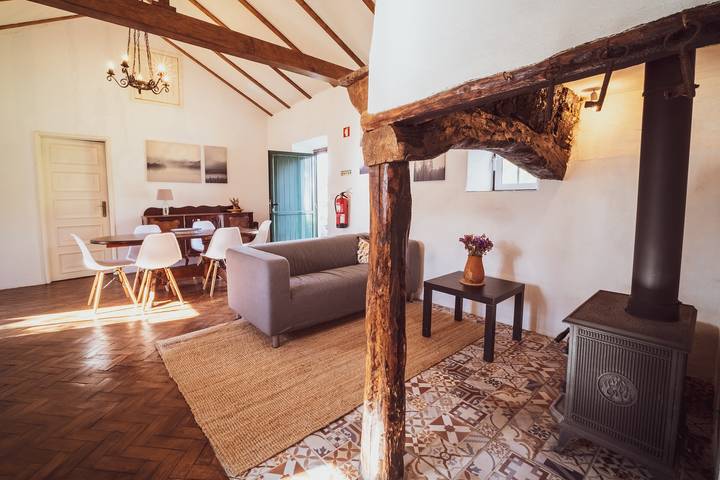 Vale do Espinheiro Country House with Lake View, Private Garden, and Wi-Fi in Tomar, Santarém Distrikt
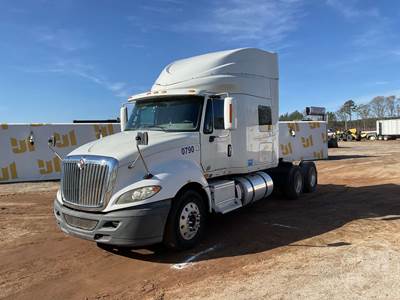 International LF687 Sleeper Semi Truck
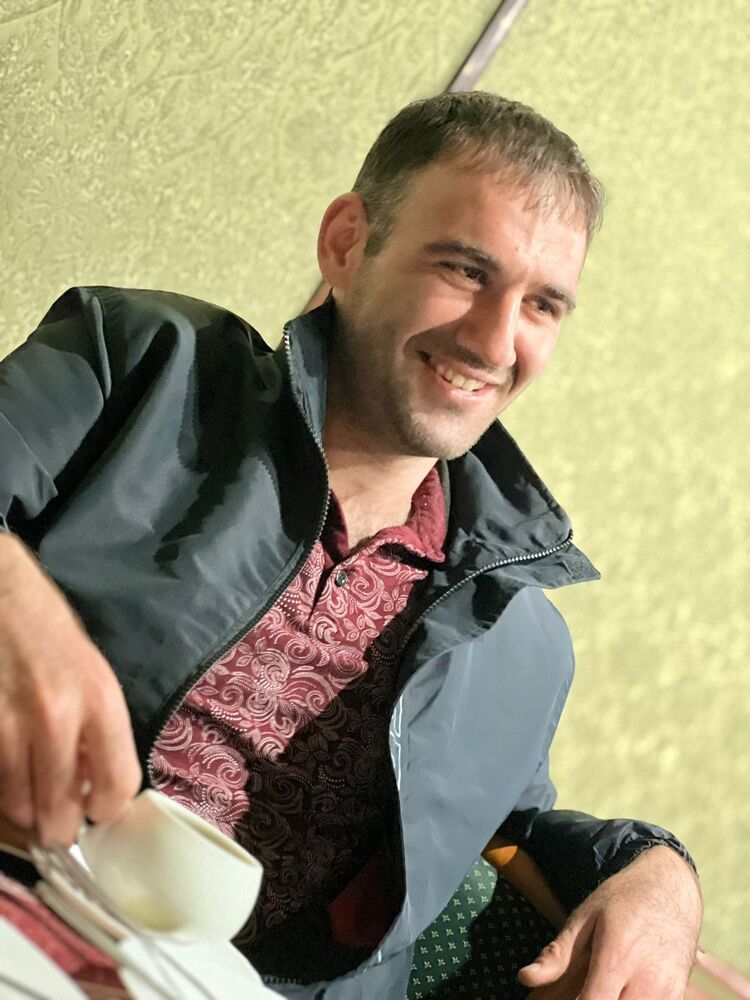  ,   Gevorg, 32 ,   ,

• Instructions for the task: Pictures aside, repeat every line of the data above exactly.

• Answer to this problem:
 Vale do Espinheiro Country House with Lake View, Private Garden, and Wi-Fi in Tomar, Santarém Distrikt
 International LF687 Sleeper Semi Truck
  ,   Gevorg, 32 ,   ,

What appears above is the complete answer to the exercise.